OMG Alert: Polvo
Every now and then you discover an old band's genius, and you have an OMG moment. Where they're so damn good, and their goodness was so bloody unexpected that it almost hurts that you've only just heard them, and in many cases will never EVER get to see them. Polvo are the first band in a while to do that for me. I picked up their 1994 Celebrate The New Dark Age EP in a second hand record shop earlier this week and have just totally been revelling in its genius ever since. Polvo hailed from the same Chapel Hill based scene that spawned Superchunk, and were probably one of the first indie rocks bands that could truly be put into the 'math-rock' genre. Splicing piles of Sonic Youth distortion with enough twisted time signatures and fucked up jagged guitar to make Steve Albini do a wee, they've quite quickly become an absolute obsession for me. Led by guitar maniac Ash Bowie, the band released four LPs, the first in 1992 and the last in 1997, before splitting up due to the usual growing apart and wanting to do other things style reasons. THE IDIOTS. Celebrate The New Dark Age came out on Merge in 1994 and is super-uber-perfect. Here are two songs. Listen to them as loud as they deserve. Fractured (Like Chandaliers is...amazing. My god. Need to invent time machine and go back and see them. Now. More info at Wikipedia, or you can read some reviews by the always ace Mark Prindle by clicking here. Enjoy!

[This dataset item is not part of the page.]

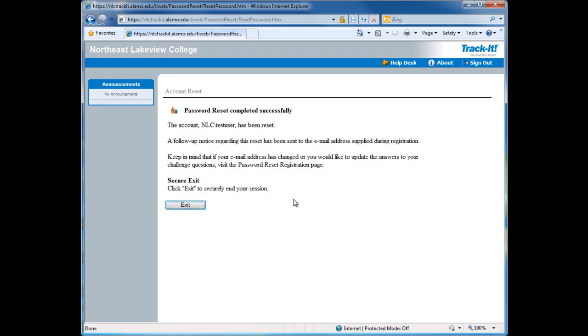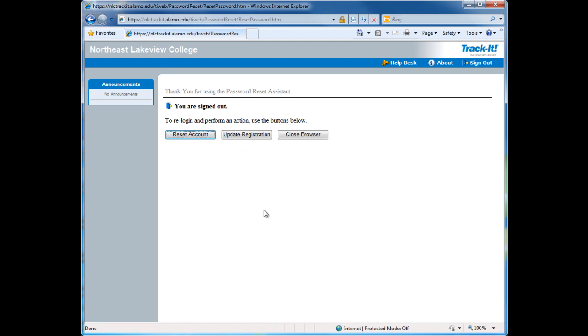On the password reset completed successfully page, click on exit. You have just reset your password and you should now be able to log in on your computer with the new password. Thank you.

Polvo - Fractured (Like Chandeliers)
Polvo - Tragic Carpet Ride
1 Comments:
This EP was truly mindblowing when it came out -- the 7" version with gorgeous IPR letterpress packaging just took it way over the top. Polvo and Rodan toured together in Summer 1994 -- their show at the Black Cat in DC was a completely majestic experience.
The math-rock reference isn't completely on track, though -- Polvo was downright noodly compared to earlier Merge bands like Breadwinner and Coral, both children of the incomparable Honor Role. The precision of math-rock was hard to sustain given some of Polvo's extracurriculars.
Sadly, this EP was also the end of Polvo as a strong, powerful, creative force... their later output got fairly noodle-damaged.